## Brief
Look through the material below. Return exactly the lines from the one with "Connection lines and" through the one with "Vintage Starina Midi", both included.

## Task input
"""
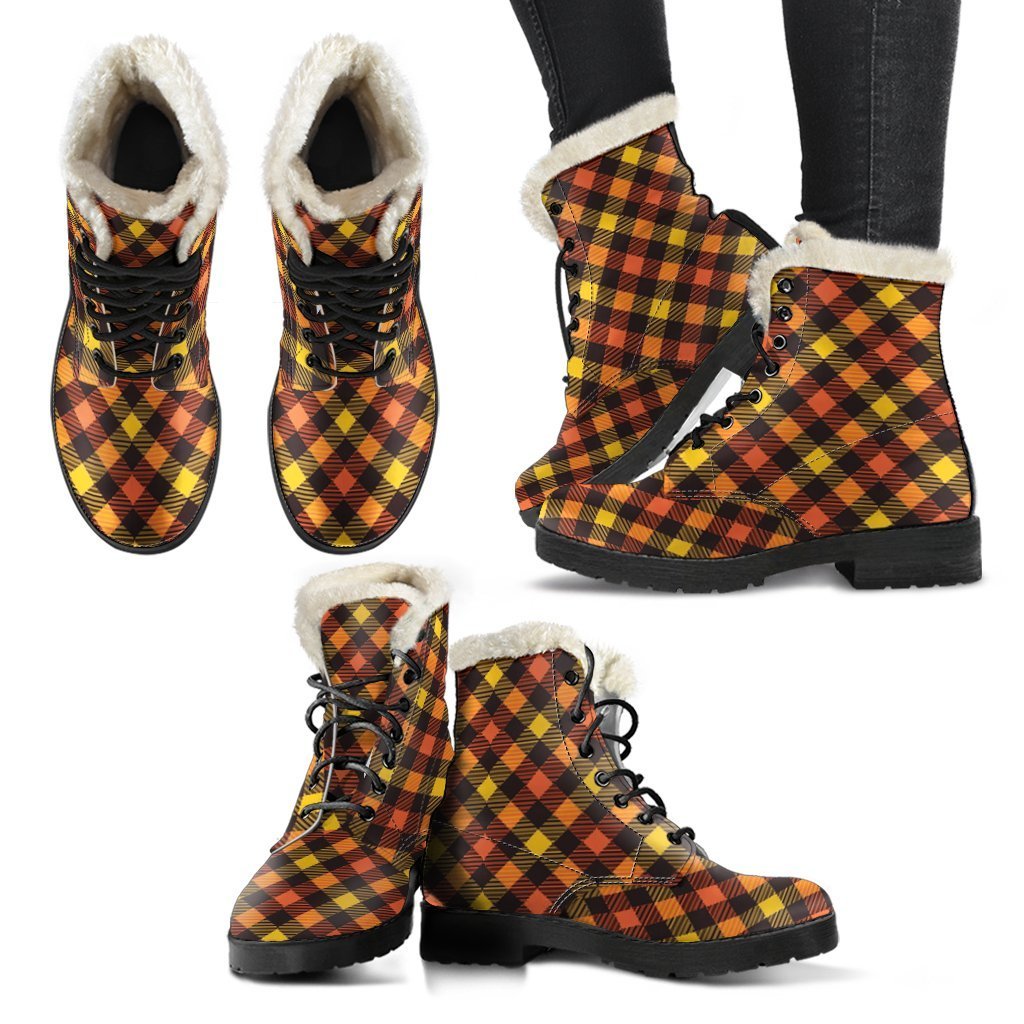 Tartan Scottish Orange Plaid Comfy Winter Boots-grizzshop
"""
"""
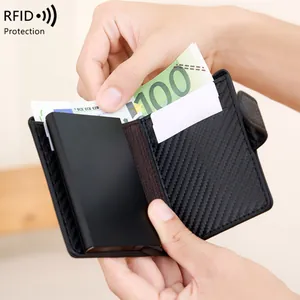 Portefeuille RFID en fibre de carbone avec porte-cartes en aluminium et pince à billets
"""
"""
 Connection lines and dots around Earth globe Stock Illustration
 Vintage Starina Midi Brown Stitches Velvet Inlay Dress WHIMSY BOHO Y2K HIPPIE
"""
## Task response
 Connection lines and dots around Earth globe Stock Illustration
 Vintage Starina Midi Brown Stitches Velvet Inlay Dress WHIMSY BOHO Y2K HIPPIE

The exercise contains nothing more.